Boys are better at math, or are they?
Not if the findings of Smartick, an online math learning methodology and practice app, is anything to go by.
Children using this Spanish startup app solve between 300 000 and 400 000 mathematical problems each day in 70 different countries.
Javier Arroyo, co-founder of Smartick, says their research shows that boys and girls are equally good at maths.
“We believe that other factors influence the low number of women working in the science, technology, engineering and mathematics (STEM) fields globally. One of these factors is the environment in which children learn maths. We believe that boys and girls perform equally well when using our app, because they work at home without peer pressure, away from the constant competition in the classroom. Our students work in a familiar environment where they have time to think and to work out answers. We believe that this will build confidence that will soon become visible within the classroom, leading to more girls entering the world of maths and science after school,” he says.
The program, which is supported by the European Union and has helped 83% of the more than 32 000 participating students between 4 and 14 years of age improve their grades, is now available in South Africa.
South Africa has its own challenges in the field of teaching mathematics and science. The country’s grade 5 and 9 pupils are among the lowest performing in the world, together with Jordan, Saudi Arabia, Morocco and Kuwait, according to Dr Vijay Reddy, principal investigator of Trends in International Mathematics and Science Study (TIMSS) 2015.
The issue of the low number of girls choosing careers in mathematics is often discussed as one of their key areas of focus.
The 2016 matric results support international findings about gender-based performance. About 57% of boys passed maths compared with 46,4% of girls. But a higher number of girls, 146 270, wrote the exam compared with 119 540 boys, confirming that there is not a big difference between boys and girls as far as performance is concerned.
So where does it go wrong for girls? Statistics compiled by UNESCO reveal that, globally, women make up less than 30% of the people working in STEM careers.
Dr Lanette Hattingh, an educational psychologist and owner of Brainwave Careers, believes it is more of a cultural than an intellectual issue.
“Girls are not raised to be prepared for the challenges of a career in maths or science. When we play games with children, there are games for girls and games for boys. Boys play with toys that prepare them for technical or scientific careers, while girls’ toys guide them towards a future of housework and child rearing. Gender roles are established very early and will have an influence on the person for the rest of his/her life.
“Once progressing into adulthood, the woman is still seen as the primary care-giver in the family and her career is seen as less important than that of her husband or partner. Women are not as competitive as men, so they may not pursue a challenging career as aggressively as their male counterparts.
“We know that girls can be very good at maths. We only need to convince them to believe that as well,” she says.

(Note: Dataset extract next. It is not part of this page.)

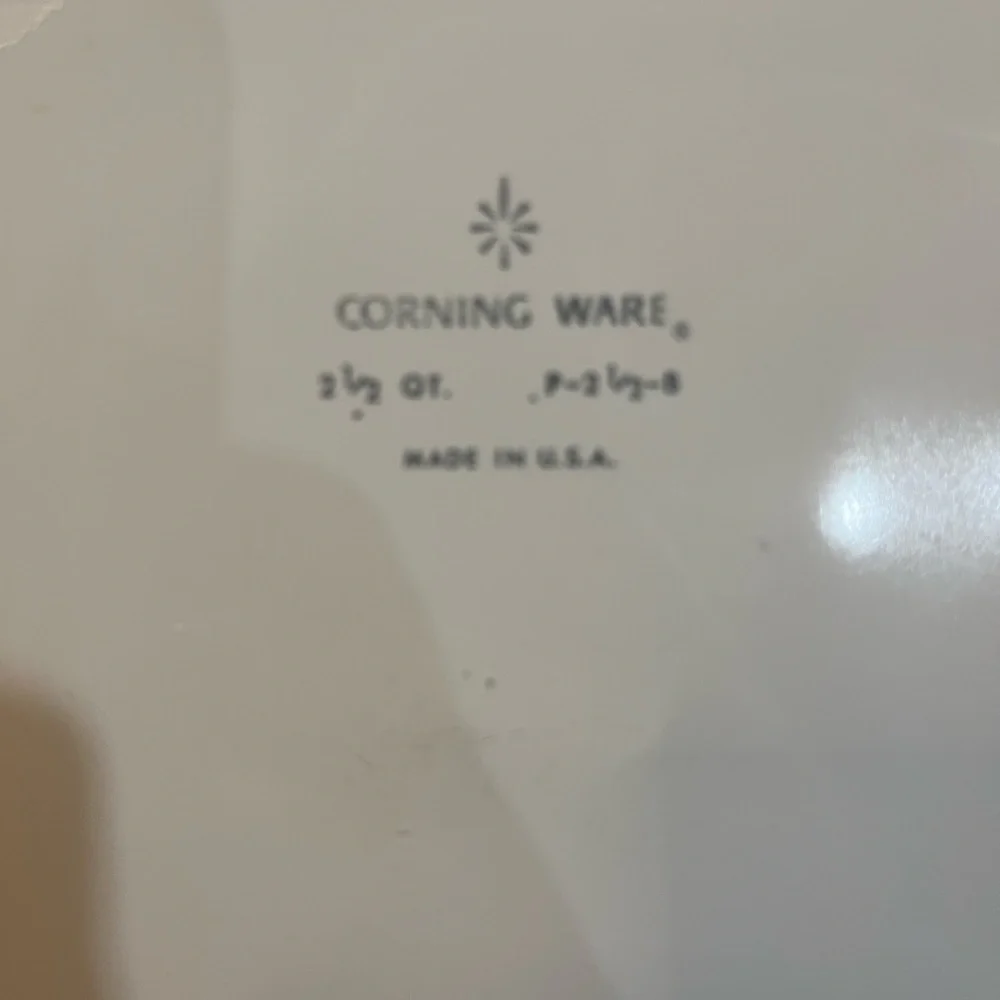 Vintage 1965 Corningware White Baking Dish with Blue Corn Flowers 2 1/2 QT
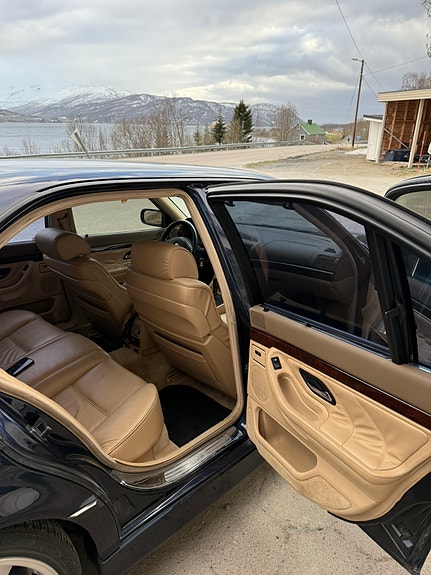 BMW 7-Serie 16 of 19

Smartick uses the latest artificial intelligence to adapt to the child’s learning style, quickly addressing areas where the child needs to improve on. Once they are fully versed and competent, the app moves the child to the next level, unlike paper-based programmes that force the child on a pre-defined path. This approach builds confidence and helps children believe in themselves, which is an important factor for future success in mathematics.
Hattingh agrees that a computer-based program is one of the best ways to teach maths.

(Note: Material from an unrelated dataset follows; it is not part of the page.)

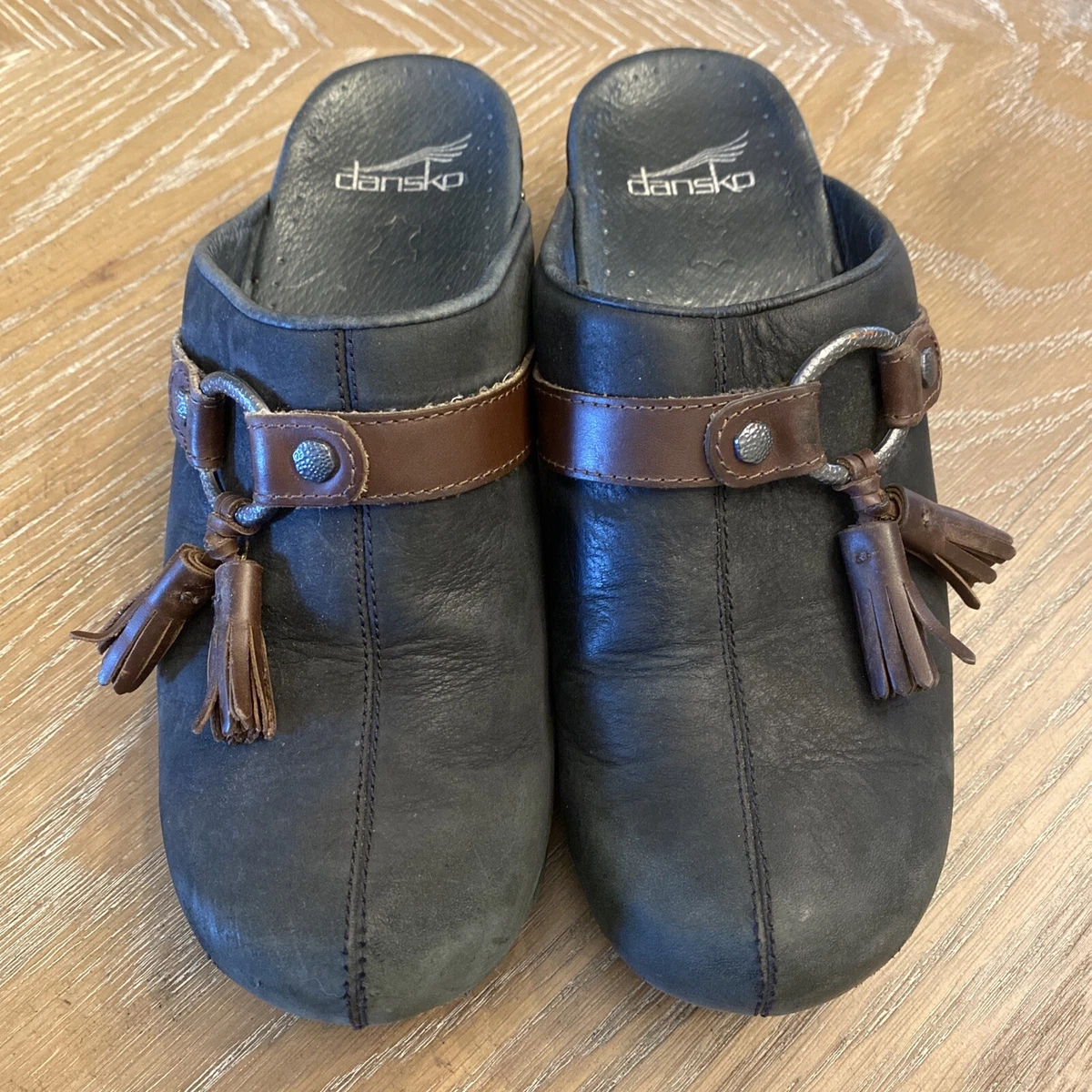 Dansko deals soft clogs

“There are two very important factors at play when learning maths: visual concepts and repetition. If one of these two are neglected, the child will never be able to master maths.

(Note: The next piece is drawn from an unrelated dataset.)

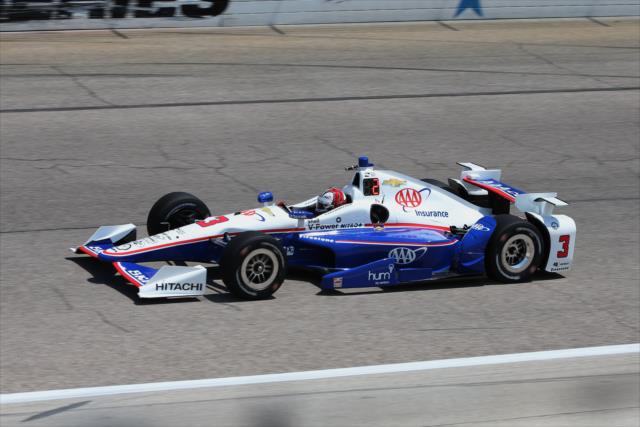 Helio Castroneves on course during practice for the Firestone 600 at Texas Motor Speedway -- Photo by: Chris Jones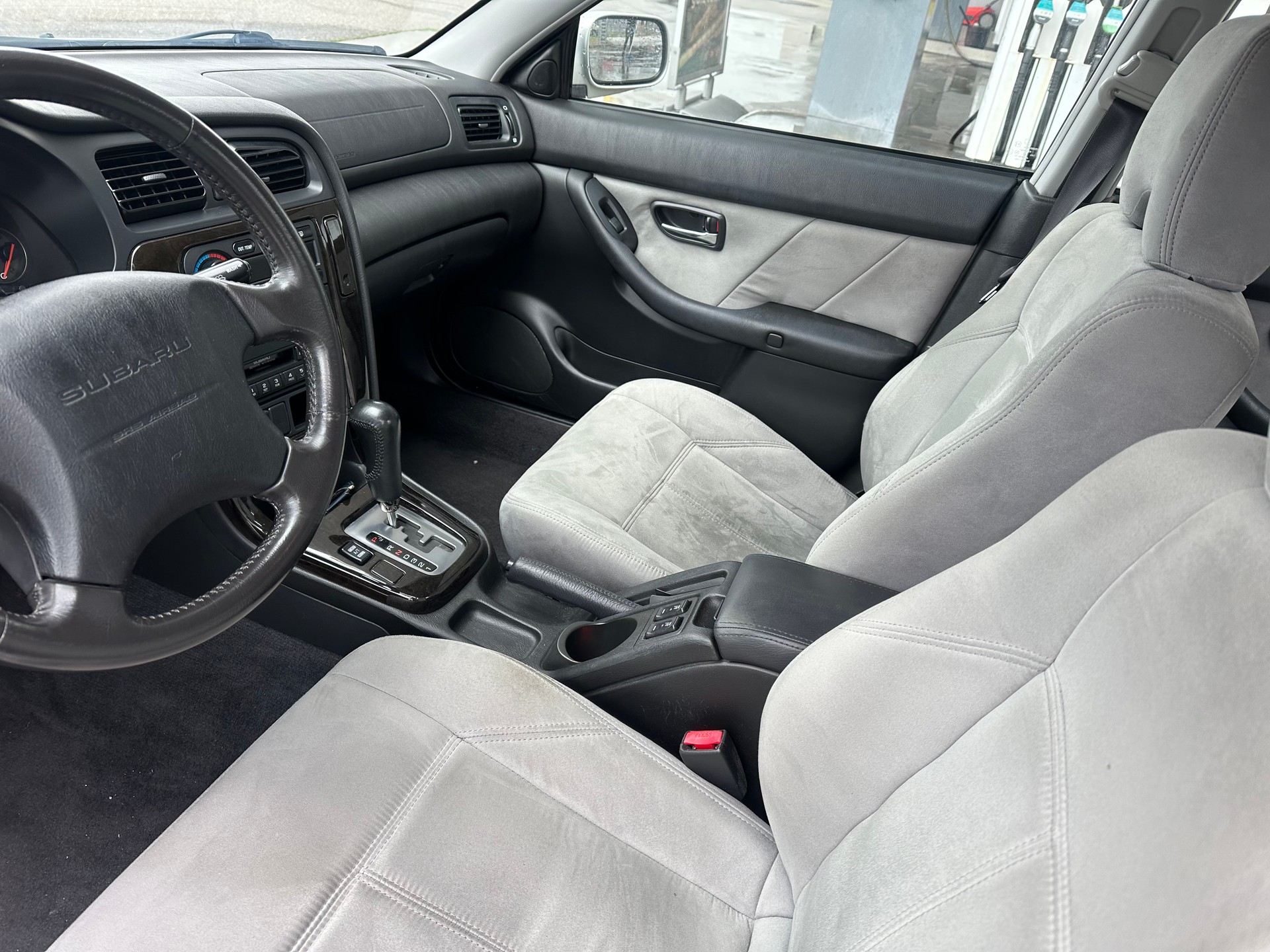 SUBARU Legacy 2.5 Limited-image-6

“Both are addressed very well by the Smartick app. Children often get very bored with learning from books. Computers are much more entertaining and they would be able to concentrate for longer.
“The visual component of the program is excellent and teaches children the concept of numbers, instead of just number recognition, and we know that this is crucial for children to be able to understand maths. The program is also structured in a way that allows for enough repetition for the work to be committed to memory.”
Hattingh says for the world to move forward, we need children who can do maths and who are able to work in STEM careers.
“And to achieve that, we need to look at the way we teach maths. Because the way we are doing it now, has not given us the results we need,” she says.